When I finally found this movie, I had been looking for it for quite
some time. I have been a very big Eddie Izzard fan for a long time and
also a FRIENDS fan, so it was definitely something I wanted to see. And
I think it met my expectations. No it isn't an Oscar-worty movie or
anything like that, but it is throughly enjoyable. It is the best thing
aside from Friends that I've ever seen Matt Le Blanc in (I know that
isn't saying a *lot*, but he does give a decent performance). The stand
out as many people have said is obviously Eddie Izzard. The fact that
he is a more polished comedian and since he is a transvestite in
reality he seems pretty comfortable in the plot. He also has the best
timing of them all. The only true complaint I have about this movie is
that on the DVD in order to have subtitles for the few German lines you
have to have the subtitles on the whole time, but that has nothing
really to do with the movie as a whole. It isn't a movie that takes a
lot of concentration to watch, but that isn't always bad. I really hate
that so many people have written comments basically praising everyone
in it and then calling the movie awful. There are some very touching
scenes especially one between Izzard's character and his boyfriend who
have been apart for a long time. So I would definitely recommend this
movie to a friend.
** 1/2 stars out of four.
I've been an Eddie Izzard fan for quite a long time (As has the friend I watched this film with) and we approached it from that stand point. In fact as we picked it we couldn't help but recite "it's the 131st transvestite brigade, parachuting behind enemy line with fabulous make-up and a fabulous gun." Taking it as that style of campy send up of war we found it rather funny, of course it was cheesy and full of plot holes, but that was part of the appeal. "I have to get my mousy-kins!" I mean if this film wasn't laughing at itself it should have been. Yes Eddie turns in a brilliant performance from an emotional stand point as well, as does David Birkin, but their performances add to the humour not over shadow it. Yes from the stand point of making the world a better place this film did not accomplish a single blow for understanding, but not everything has to be a statement for the cause. Some things are allowed to be funny for humour's sake, and those of us who get that the stereotypically wooden characters are there to make a point find them all the more funny. Give it a try.
Brilliant I had bought this off HMV and after reading so many reviews I was expecting an awful movie but to my surprise it is brilliant. Eddie Izzard is fantastic in this movie. His relationship with Franz is brilliant you can sort of feel a connection. Matt LeBlanc is not too bad in this movie but I believe he could of done a much better job. David Birkin is fantastic. He really suited his character and portrayed him extremely well. Most of the reviews are comparing this movie to "Privates on parade" which is stupid. Privates on parade is an awful movie. I watch it as John Clesse was in it but he hardly said anything. This movie is nothing like Privates on Parade this movie is fantastic. I would recommend this movie to anyone who is an Eddie Izzard fan. His character in this movie is brilliant.

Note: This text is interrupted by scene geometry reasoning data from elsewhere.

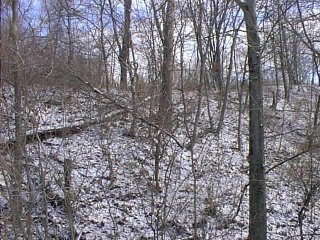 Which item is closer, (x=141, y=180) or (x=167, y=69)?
(x=141, y=180)

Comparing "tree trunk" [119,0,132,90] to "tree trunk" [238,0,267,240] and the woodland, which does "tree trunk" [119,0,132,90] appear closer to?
the woodland

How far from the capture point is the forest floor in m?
6.56

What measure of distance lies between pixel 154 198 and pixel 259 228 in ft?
5.84

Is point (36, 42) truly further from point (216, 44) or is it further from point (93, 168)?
point (216, 44)

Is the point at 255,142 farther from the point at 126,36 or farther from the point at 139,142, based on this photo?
the point at 126,36

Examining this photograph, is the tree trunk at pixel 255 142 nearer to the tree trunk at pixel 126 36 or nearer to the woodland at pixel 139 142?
the woodland at pixel 139 142

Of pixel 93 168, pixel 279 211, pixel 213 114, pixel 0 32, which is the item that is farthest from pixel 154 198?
pixel 213 114

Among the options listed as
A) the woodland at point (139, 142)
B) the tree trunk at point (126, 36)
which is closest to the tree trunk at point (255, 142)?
the woodland at point (139, 142)

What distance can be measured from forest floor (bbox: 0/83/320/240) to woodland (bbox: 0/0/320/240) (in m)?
0.03

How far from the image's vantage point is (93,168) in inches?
335

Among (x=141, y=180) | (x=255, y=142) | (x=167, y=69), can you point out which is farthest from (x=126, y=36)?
(x=255, y=142)

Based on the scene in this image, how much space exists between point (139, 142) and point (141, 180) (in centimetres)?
101

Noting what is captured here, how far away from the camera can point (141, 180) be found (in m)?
8.11

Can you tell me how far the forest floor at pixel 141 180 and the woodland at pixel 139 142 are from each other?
0.09 feet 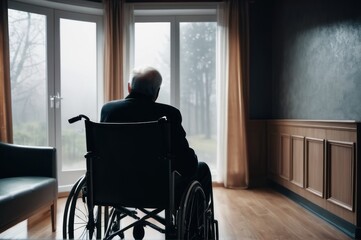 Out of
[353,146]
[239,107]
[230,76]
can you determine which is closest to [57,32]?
[230,76]

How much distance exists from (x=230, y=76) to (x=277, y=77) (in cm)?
60

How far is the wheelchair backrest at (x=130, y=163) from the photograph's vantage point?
Answer: 1284mm

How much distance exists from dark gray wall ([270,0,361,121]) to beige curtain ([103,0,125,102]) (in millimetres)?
1691

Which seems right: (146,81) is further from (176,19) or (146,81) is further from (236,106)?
(176,19)

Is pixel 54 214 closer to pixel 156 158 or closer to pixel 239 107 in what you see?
pixel 156 158

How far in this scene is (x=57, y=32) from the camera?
332cm

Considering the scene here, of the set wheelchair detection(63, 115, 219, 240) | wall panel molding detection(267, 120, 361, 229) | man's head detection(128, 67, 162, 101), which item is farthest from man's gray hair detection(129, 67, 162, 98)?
wall panel molding detection(267, 120, 361, 229)

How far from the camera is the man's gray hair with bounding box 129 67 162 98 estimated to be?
1459 mm

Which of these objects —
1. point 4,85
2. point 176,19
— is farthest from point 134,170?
point 176,19

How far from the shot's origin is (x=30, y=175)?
226 centimetres

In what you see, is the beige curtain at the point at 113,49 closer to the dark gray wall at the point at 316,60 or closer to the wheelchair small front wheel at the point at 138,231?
the dark gray wall at the point at 316,60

*** This review may contain spoilers ***
The movie has a British feel to the humor and style. It was refreshing
to watch a movie that didn't didn't blow things up or have a chase
scene of lots of fancy fighting. My husband and I both enjoyed the
movie, and felt light hearted after watching it.

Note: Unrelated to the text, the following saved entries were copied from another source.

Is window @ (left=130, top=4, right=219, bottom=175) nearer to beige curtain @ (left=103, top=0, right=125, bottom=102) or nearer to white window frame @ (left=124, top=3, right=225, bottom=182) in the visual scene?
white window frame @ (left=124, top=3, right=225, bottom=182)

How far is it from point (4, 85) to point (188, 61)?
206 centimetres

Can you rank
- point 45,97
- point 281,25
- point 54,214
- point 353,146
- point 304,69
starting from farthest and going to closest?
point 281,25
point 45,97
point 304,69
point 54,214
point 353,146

I loved the campy cabaret scenes, the sets, and lack of reality. Who needs realistic war scenes and drama when they want to relax and be entertained. Yet there was a poignant look at how the war affected people.
It would have been improved with English subtitles for the German dialog, but it was easy enough to follow the plot.
I have seen far worse movies than this one, which has far higher
ratings. Don't believe the rating on this movie, it is a fun movie to
Consider this as a low budge comedy, you are not watching it because of its intense actions, or serious historical stories, etc, just watch it to get entertained.
Some of the scenes were a little out of logic, obviously they can't do that in real life. The funniest line is the "be-sexual" scene.
Tony actually looks pretty womanlike, it was funny to see him in the black dress, and singing those German songs. Those songs sound pretty good, too.
I rate this movie 7, but since it has a low rating. Therefore, I am rating it 8 to increase its rating a little.
Even as an Eddie Izzard and Matt LeBlanc fan this film endures a few hardships in providing a really great war-drama-comedy. Even from the outset you can tell this isn't a major motion picture, (and the fact i brought it for £1 brand new from a national chain store backs that up). Despite this, the acting cast do a good job, with a few recognisable faces making well acted appearances. But the big problem comes with LeBlanc, because his appeal is primarily to an American audience and fans of 'Friends', and of course, he isn't playing Joey. The lack of subtitles for the German dialogue also didn't help for people like me who don't have an excellent grasp on the language, and this film features quite a lot of foreign dialogue. Nether-the-less the film does deliver something quite different, and funny in times, so isn't a total drag. Its worth a watch, maybe when you've got a couple of hours to spare, just like i did today!
*** This review may contain spoilers ***
Ten minutes into this film I honestly didn't think I was going to enjoy it.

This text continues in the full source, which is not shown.